Performance
Warehouse-side optimizations dbt-nexus applies to the canonical core models — BigQuery partitioning, clustering, and informational PK/FK constraints — and how to measure their impact.
dbt-nexus's substrate is join-heavy by design. Every artifact query
typically stitches nexus_events ⋈ nexus_event_dimensions ⋈
nexus_event_measurements ⋈ nexus_entity_participants ⋈
nexus_entities ⋈ nexus_relationships, often 4–6 joins deep. This
trades raw query speed for schema flexibility (any source can emit
any dimension without DDL coordination) and write-time decoupling.
The package's job is to recover as much of that lost speed as possible at build time — pushing the canonical core models into shapes the warehouse can prune, hash-join, and reason about cheaply — without giving up the flexibility.
Pages
Shipped — build-time optimizations on the package's core models:
- BigQuery optimizations — Optional
partition + cluster + informational PK/FK on the six core models,
controlled by a single
nexus.warehouse_optimization.enabledtoggle. Default on for BigQuery, no-op on Snowflake. - Measuring impact — How to A/B query
cost with
dryRun, read the BigQuery query plan, and toggle the feature off for a controlled comparison.

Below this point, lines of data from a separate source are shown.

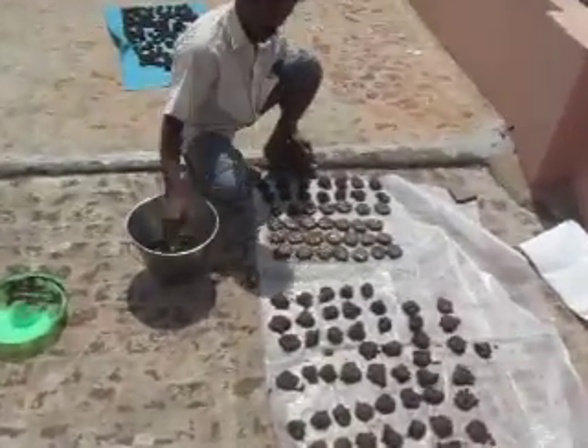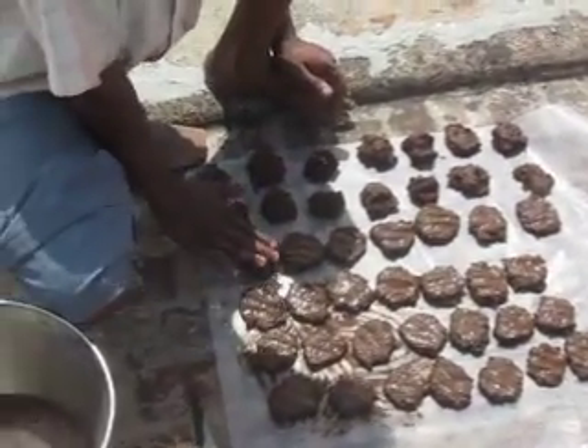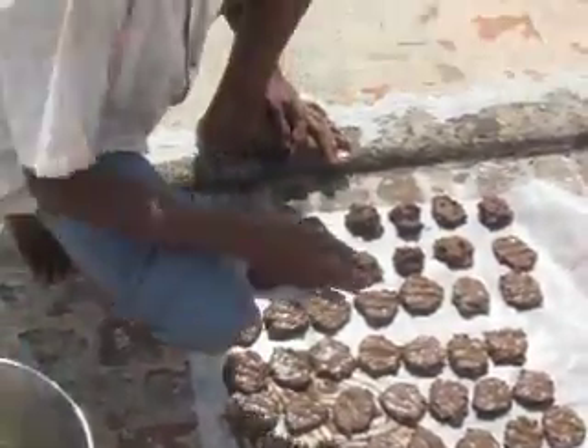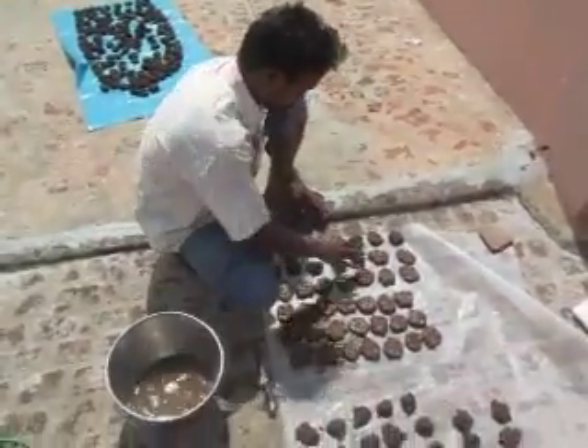You can see the shape, how it's doing. Each and every cow dung that we should make with full feeling, with happiness.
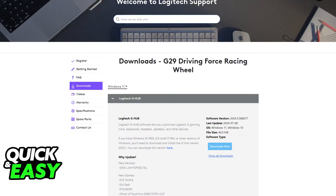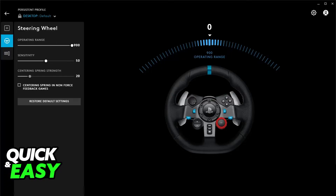Now it should work flawlessly but I would recommend going over to the Logitech website and downloading the G-Hub software. Although this isn't strictly mandatory or necessary for it to work, downloading the G-Hub software allows you to set up the steering wheel and customize the controls.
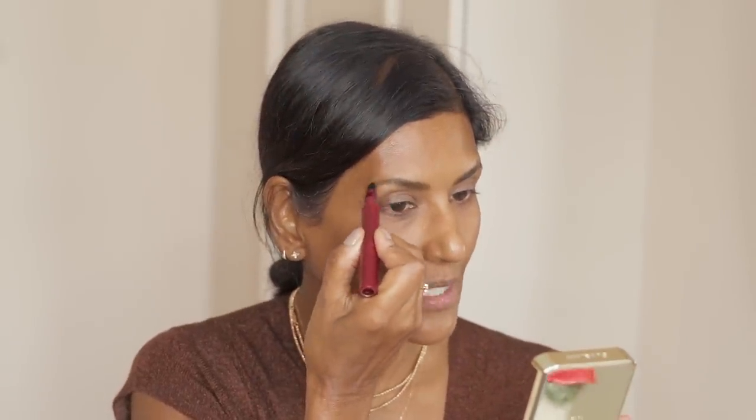First things first, make sure your brows — which are the frame to your eyes and the rest of your makeup — are brushed upwards. Using a slanted brush, just fill in gently.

Architecture — accelerating the read path above the substrate:
- Precompute architecture — The precompute ladder (at what grain to materialize), core & canonical queries as the unit, the ~6 grain tables the sparse join graph collapses to, and edges vs. paths for relationships.

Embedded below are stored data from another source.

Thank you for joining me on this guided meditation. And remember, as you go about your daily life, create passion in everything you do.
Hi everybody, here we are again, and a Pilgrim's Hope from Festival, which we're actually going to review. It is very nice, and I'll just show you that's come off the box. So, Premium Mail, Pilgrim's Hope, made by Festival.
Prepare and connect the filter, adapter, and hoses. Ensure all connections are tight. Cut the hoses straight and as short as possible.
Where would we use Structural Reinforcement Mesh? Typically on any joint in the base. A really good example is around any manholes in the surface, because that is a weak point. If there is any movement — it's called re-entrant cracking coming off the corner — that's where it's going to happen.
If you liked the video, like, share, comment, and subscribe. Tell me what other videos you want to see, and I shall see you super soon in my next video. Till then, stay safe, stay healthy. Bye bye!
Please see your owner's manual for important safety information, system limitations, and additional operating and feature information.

- Caching & row-scoping — How the cross-user result cache works under a shared service account, how it composes with materialization across the refresh cycle, and how row-level scoping fragments it — with the materialize-unscoped pattern.
TL;DR
If you're on BigQuery and the feature flag is at its default, you already have:
- Monthly partition prune on
occurred_at-filtered queries againstnexus_events,nexus_event_dimensions,nexus_event_measurements, andnexus_entity_participants. Typically ~10× scan-byte reduction on a 90-day window. - Block prune via clustering on the columns artifact queries
actually filter (
event_name,source,entity_type,relationship_type,event_id). - Join elimination via BigQuery informational PK/FK constraints
— a
LEFT JOIN nexus_event_dimensionswhose dim columns aren't selected scans only the left side. BigQuery drops the join.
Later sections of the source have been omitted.